→ Information supplied
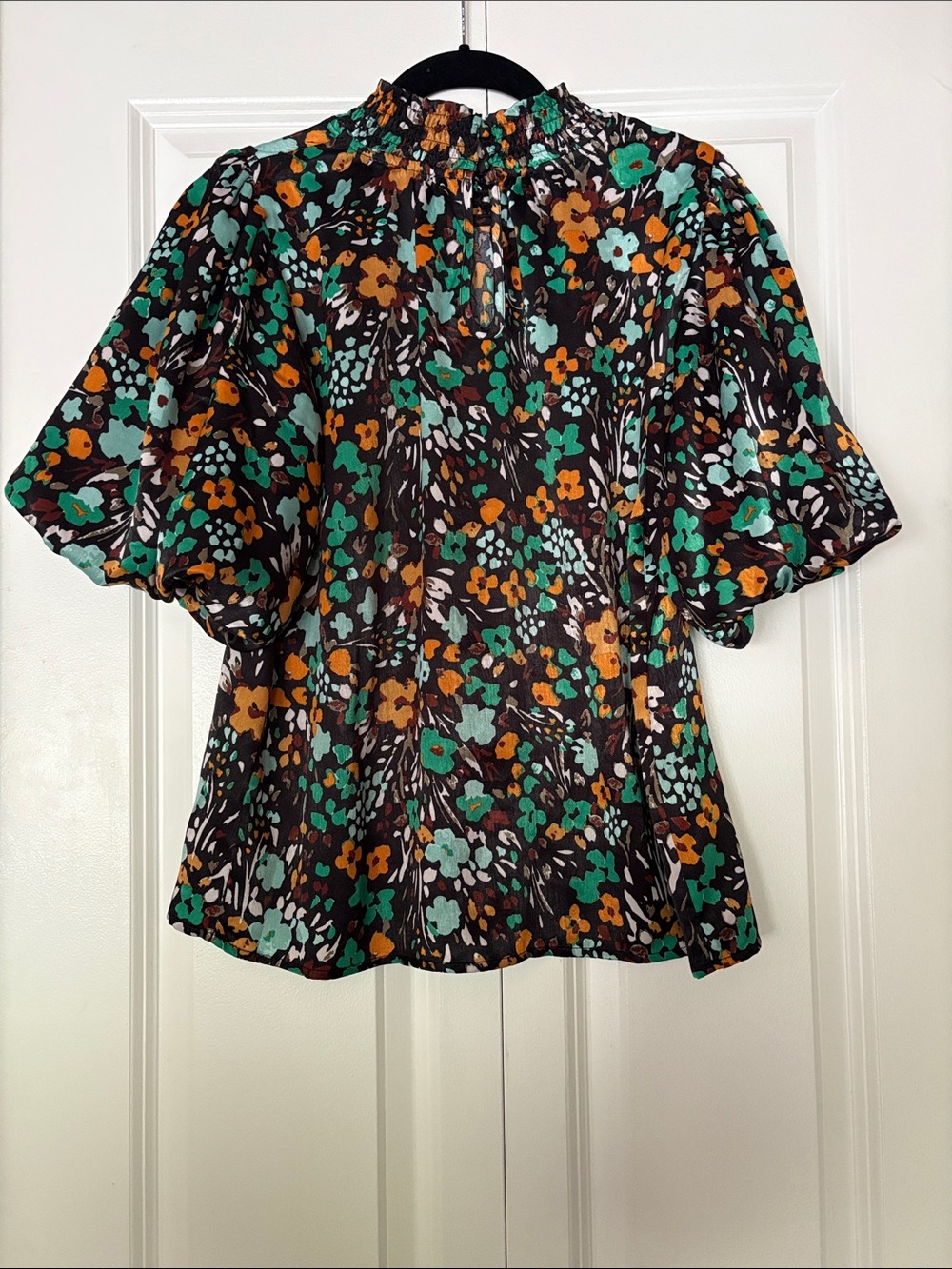 THML Floral Smocked Neck Puff Sleeve Top - Picture 2 of 4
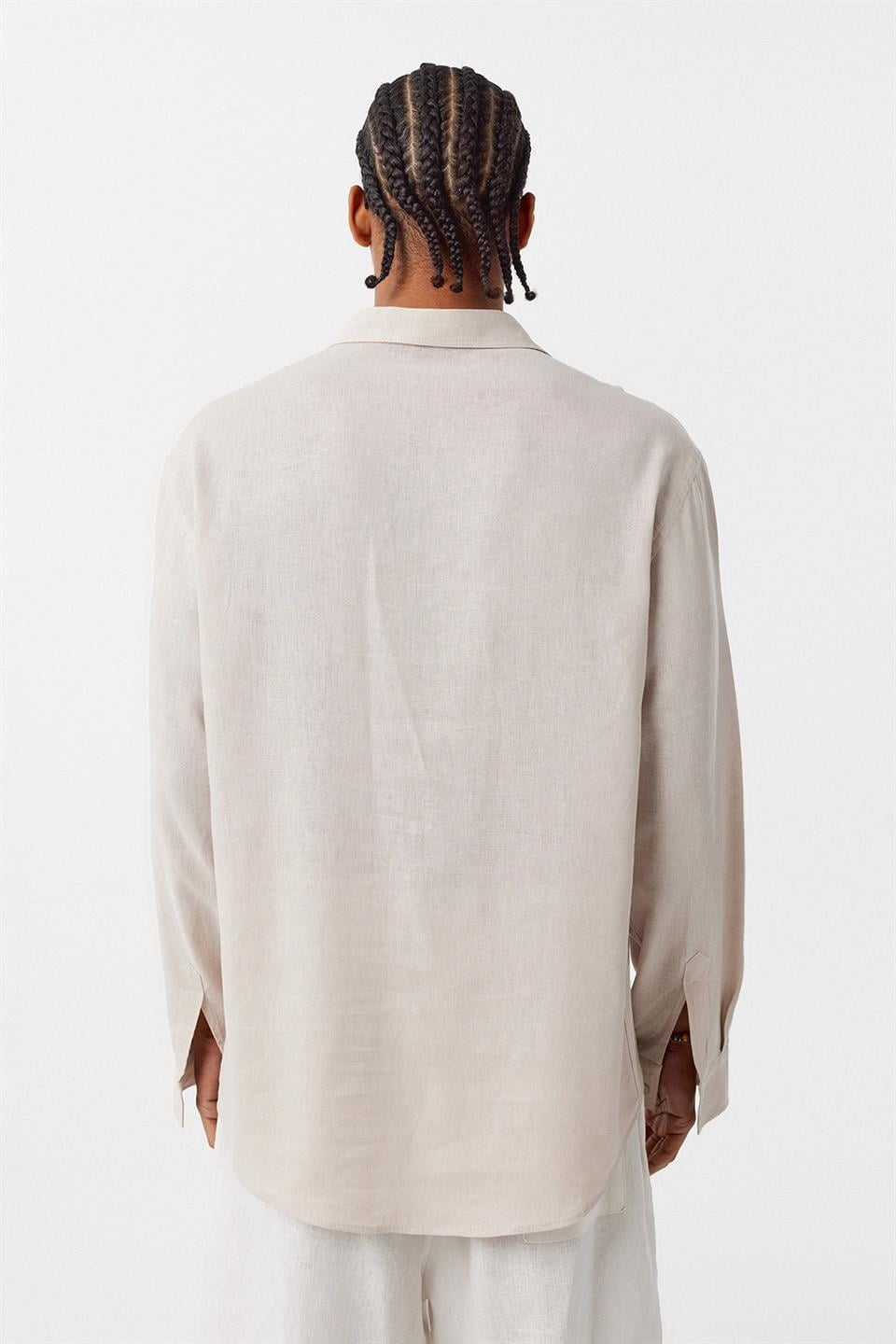 Basic Oversize Uzun Kollu Keten Gömlek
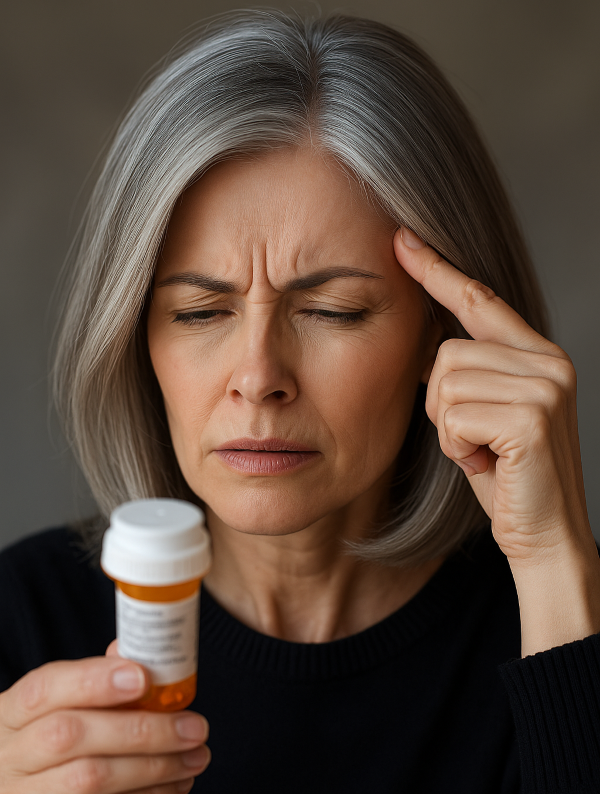 약통의 작은 글씨를 읽기 어려워하는 중년 여성, 눈을 찡그리며 노안을 겪는 모습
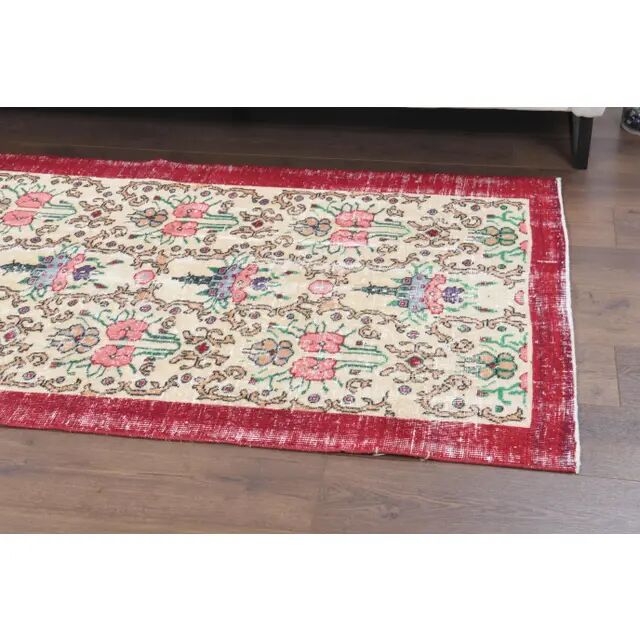 Vintage Turkish Oushak Handmade Wool Cotton Red Area Rug 107x191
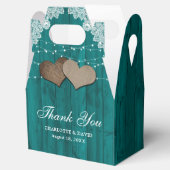 Rustic Country Wood Lace Blauwgroen Weddenschap Be Bedankdoosjes (Geopend)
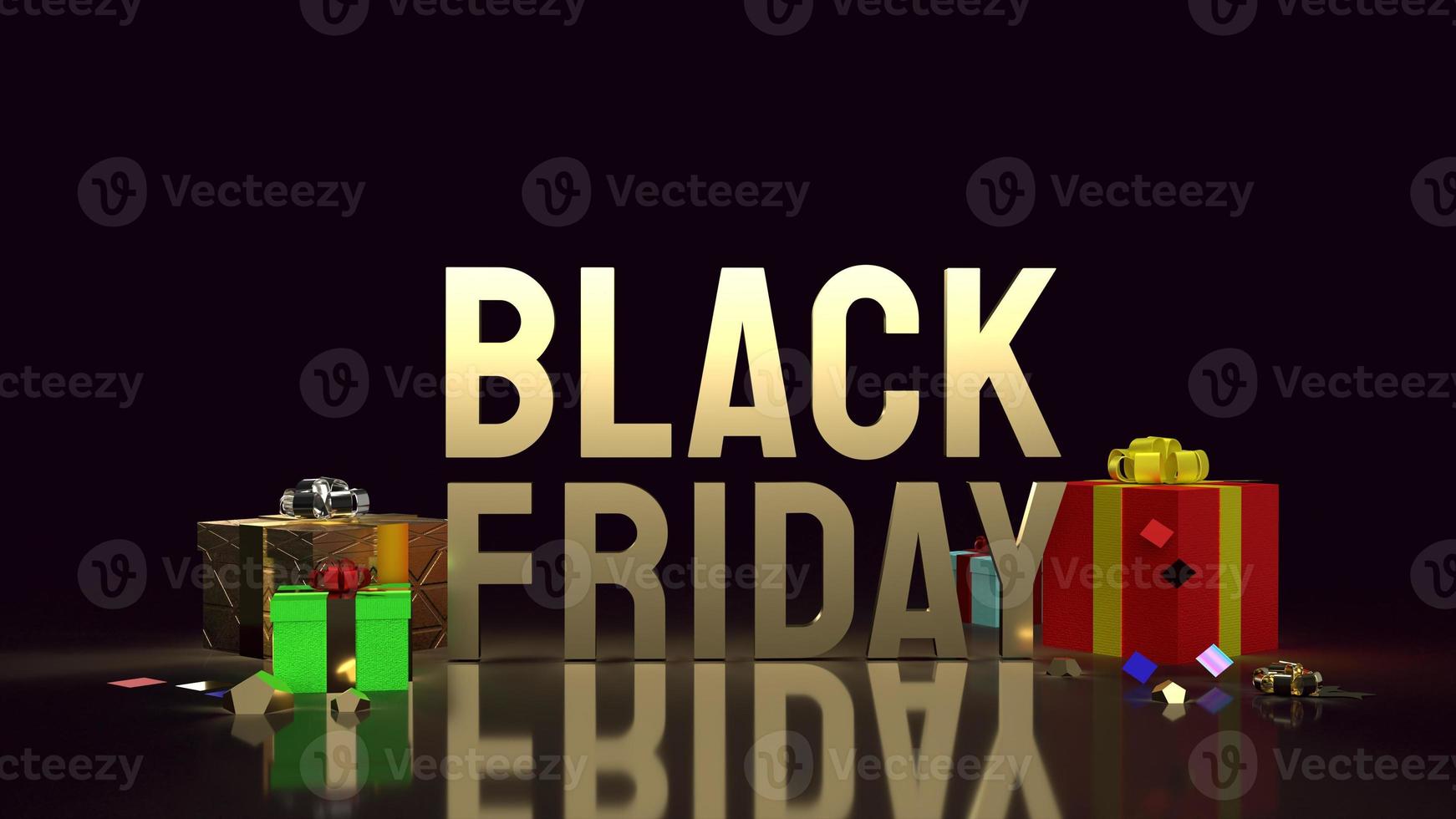 black friday  gold text and gift box on black background  for shopping content 3d rendering. photo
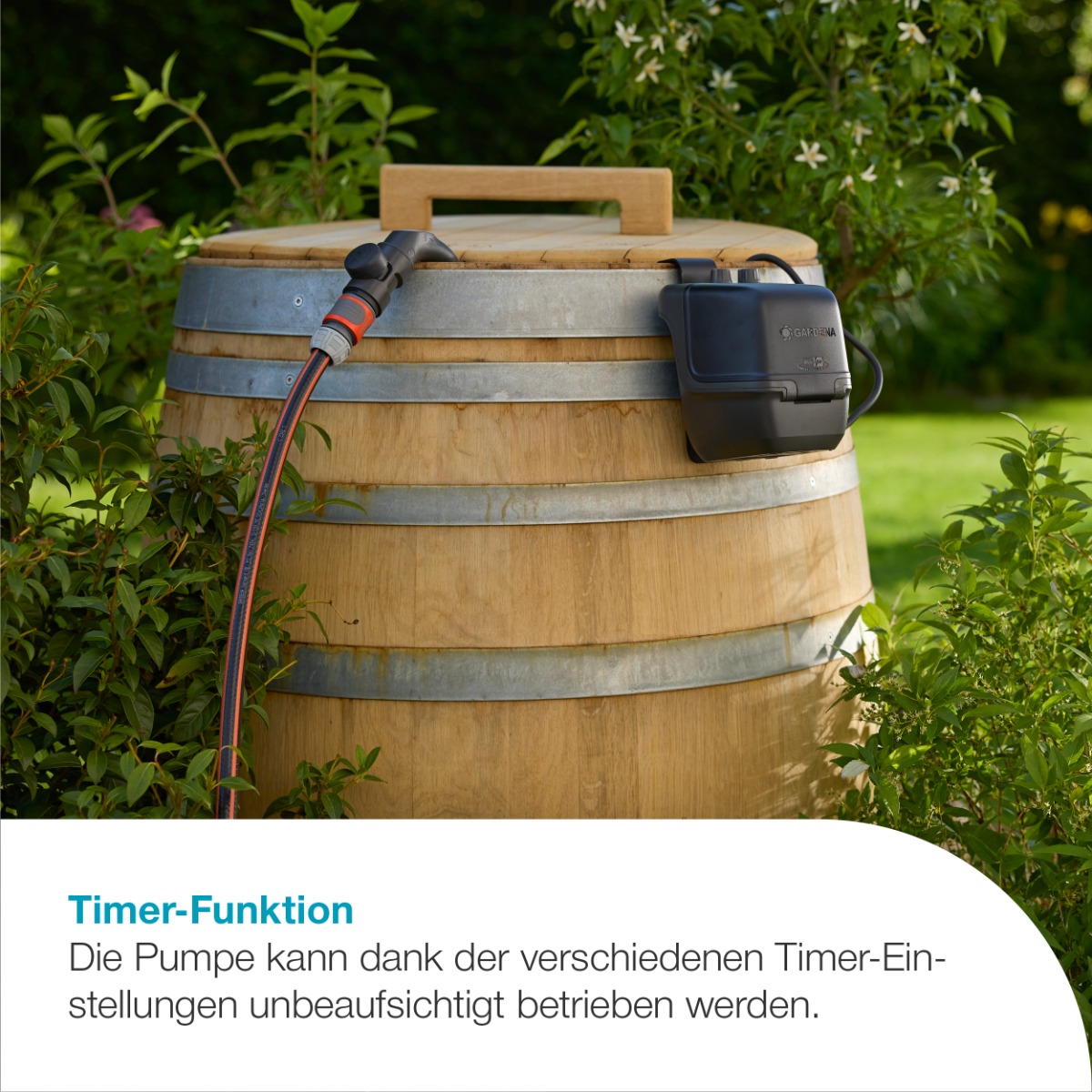 GARDENA 14605-20 Akku-Regenfasspumpe 2400 ComfortAutomatic 18V P4A Ready-To-Use Set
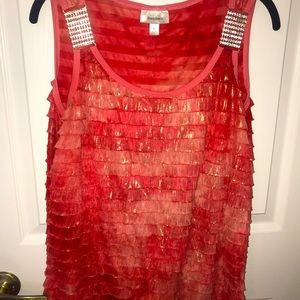 Shimmering top in coral with gold shimmer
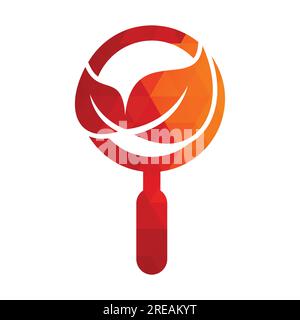 Modèle de logo vectoriel de concept de forme d'ampoule de recherche de feuille. Le logo nature Finder conçoit un vecteur de concept, le logo Leaf Finder Illustration de Vecteur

→ Assigned task
Exclude the pictures, and output exactly the lines from the one with "Basic Oversize Uzun Kollu Keten Gömlek" through the last line of the records, both included.

→ Exercise solution
 Basic Oversize Uzun Kollu Keten Gömlek
 약통의 작은 글씨를 읽기 어려워하는 중년 여성, 눈을 찡그리며 노안을 겪는 모습
 Vintage Turkish Oushak Handmade Wool Cotton Red Area Rug 107x191
 Rustic Country Wood Lace Blauwgroen Weddenschap Be Bedankdoosjes (Geopend)
 black friday  gold text and gift box on black background  for shopping content 3d rendering. photo
 GARDENA 14605-20 Akku-Regenfasspumpe 2400 ComfortAutomatic 18V P4A Ready-To-Use Set
 Shimmering top in coral with gold shimmer
 Modèle de logo vectoriel de concept de forme d'ampoule de recherche de feuille. Le logo nature Finder conçoit un vecteur de concept, le logo Leaf Finder Illustration de Vecteur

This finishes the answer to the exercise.